- The Washington Times - Thursday, January 10, 2002

The Justice Department yesterday opened a criminal investigation into Enron Corp. to determine if company executives acted improperly when employees were blocked from selling billions of dollars in plummeting shares from retirement accounts.
The wide-ranging probe, coordinated by the department's criminal division in Washington and involving prosecutors in San Francisco, New York, Houston and several other cities, is expected to focus on concerns that Enron officials concealed growing financial problems to maintain its credit rating in order to obtain cash to run the business.
The Houston-based company filed for bankruptcy Dec. 2 after another Houston firm, Dynegy Inc., its main rival, offered $8.4 billion to buy the ailing company but then backed out of the deal.
Dynegy pulled its offer after Enron eliminated nearly $600 million in debt with earnings revised through 1997, and its credit rating was downgraded to junk status.
Enron also is under investigation by the Labor Department, and the Securities and Exchange Commission.
Justice Department officials declined comment last night.
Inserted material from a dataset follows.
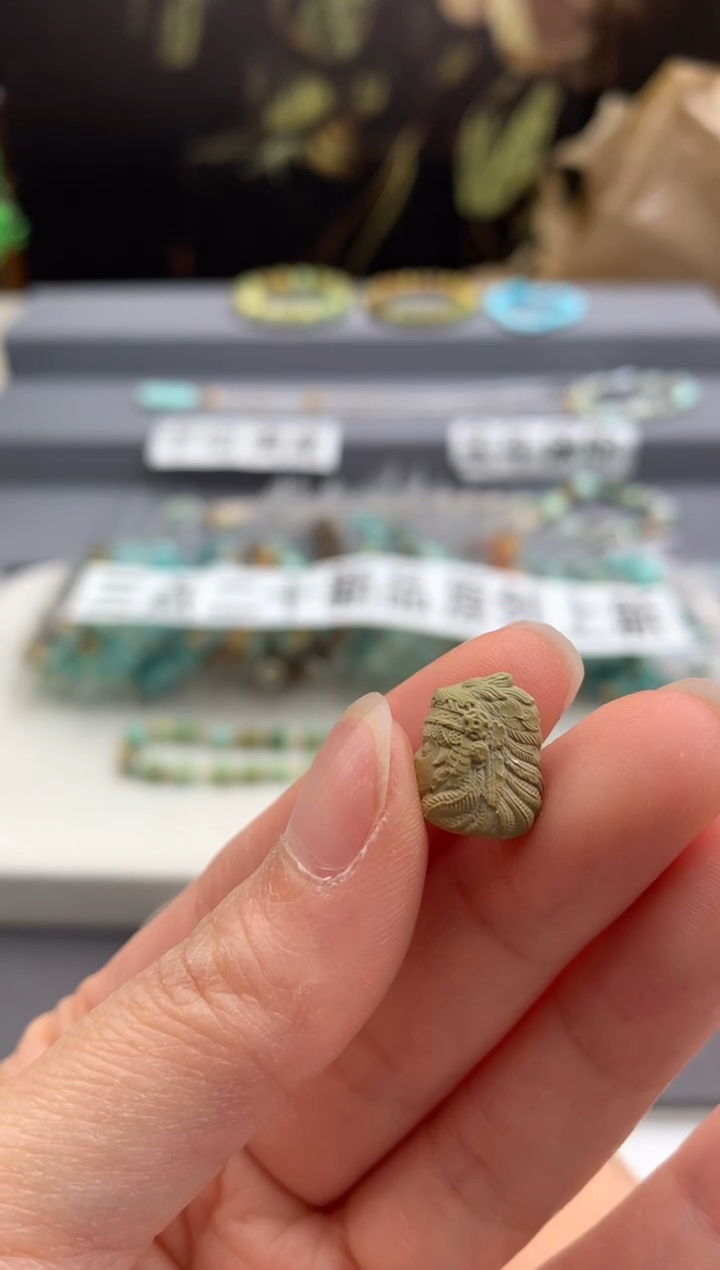 未镶嵌绿松石精工雕刻茜.H19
Enron's Washington attorney, Robert Bennett, said the company was pleased with the prospect of a Justice Department investigation, adding that the inquiry would "bring light to the facts."
"It's a positive development," Mr. Bennett said. "As I understand it, this means there will be a centralized investigation at the Justice Department. It's important that we not let the Washington scandal machine take over, which will have as a consequence that every move will be politicized and the facts will be trivialized."
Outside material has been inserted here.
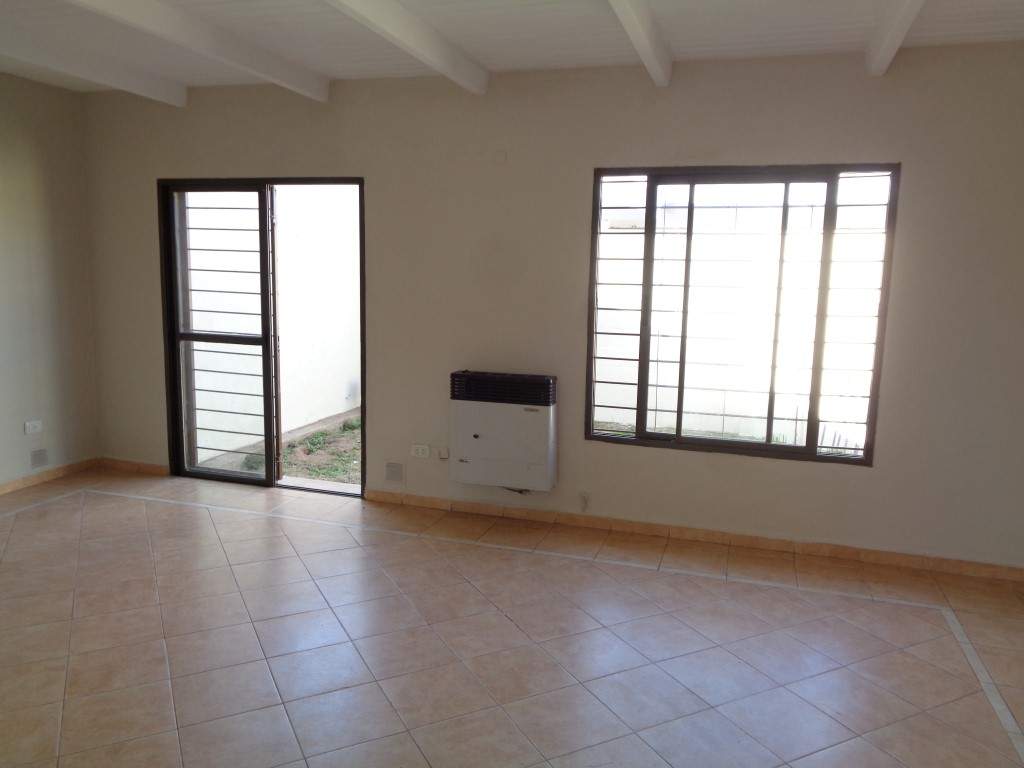Barrio Escobar - Casa de 2 Dormitorios, Amplia y Luminosa con Cochera Doble, Cocina Equipada, 2 Baños y Patio con Asador y Césped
On Tuesday, the White House acknowledged in a letter to Congress that Vice President Richard B. Cheney or his aides had met last year on six occasions with Enron representatives including a meeting two months before the firm made the largest corporate bankruptcy filing in U.S. history.
Written by David S. Addington, the vice president's counsel, the letter said the meetings including five with staff members and one involving Mr. Cheney himself continued after President Bush released an energy policy developed by the vice president's staff.
The Addington letter was sent in response to a request in December by Rep. Henry A. Waxman of California, ranking Democrat on the House Committee on Government Reform. Mr. Waxman said the letter "shows that the access provided to Enron far exceeded the access provided by the White House to other parties interested in energy policy."
The president's energy plan was released May 17.
The chief executive of Enron's longtime auditing firm, Arthur Andersen LLP, told a House hearing last week that his firm notified Enron's audit committee on Nov. 2 of "possible illegal acts within the company."
Sen. Joseph I. Lieberman, Connecticut Democrat and chairman on the Senate Governmental Affairs Committee, has said his panel will investigate why Enron's auditors allowed the firm to overstate its profits for four years "using what appear now to be very questionable accounting practices."
Mr. Lieberman said the committee also will ask why Enron's board of directors allowed financial arrangements "that some claim were intended to hide company holdings from public view."
Enron created hidden partnerships with entities that assumed the company's debt and thus kept those debts off its books.
Enron, formed in 1985, had as many as 20,000 employees. It was considered the world's top buyer and seller of natural gas and the largest electricity marketer in the country.
The firm also marketed coal, pulp, paper, plastics, metals and fiber-optics. Last year, Enron stock traded at $85 per share. Today, it is less than $1.
Senate Democrats have said they want to investigate whether the Bush administration should have acted sooner to protect investors from the Enron collapse. Hearings in the matter before the Senate Governmental Affairs Committee are expected to begin Jan. 24, the day after Congress returns to work.
Enron Chairman Kenneth Lay is a longtime friend of Mr. Bush and has served as a member of the Bush campaign's Pioneer club, raising nearly $100,000. Mr. Bush has supported government investigations into the bankruptcy of the company that was rated seventh among the Fortune 500 firms last year.
Since the 1989-90 election cycle, Enron has made nearly $5.8 million in campaign contributions, with 73 percent going to Republicans. The company contributed $113,800 to the Bush campaign, including the use of corporate jets, ranking as the campaign's 12th-largest donor.
The firm also gave $100,000 to Senate Democrats one week before filing for bankruptcy.
On Dec. 2, Enron filed for bankruptcy in New York to keep creditors and lawsuits at bay so the company could try to preserve its trading operation.
In a statement, Sen. Susan Collins, Maine Republican, praised the Democrats for starting the probe. She said there were "many questions surrounding the conduct of Enron's top management that need to be answered promptly and publicly."
Mrs. Collins said, "I'm particularly concerned with reports that top executives at Enron were selling their shares of company stock at very high profits while lower-level employees were forbidden from selling theirs."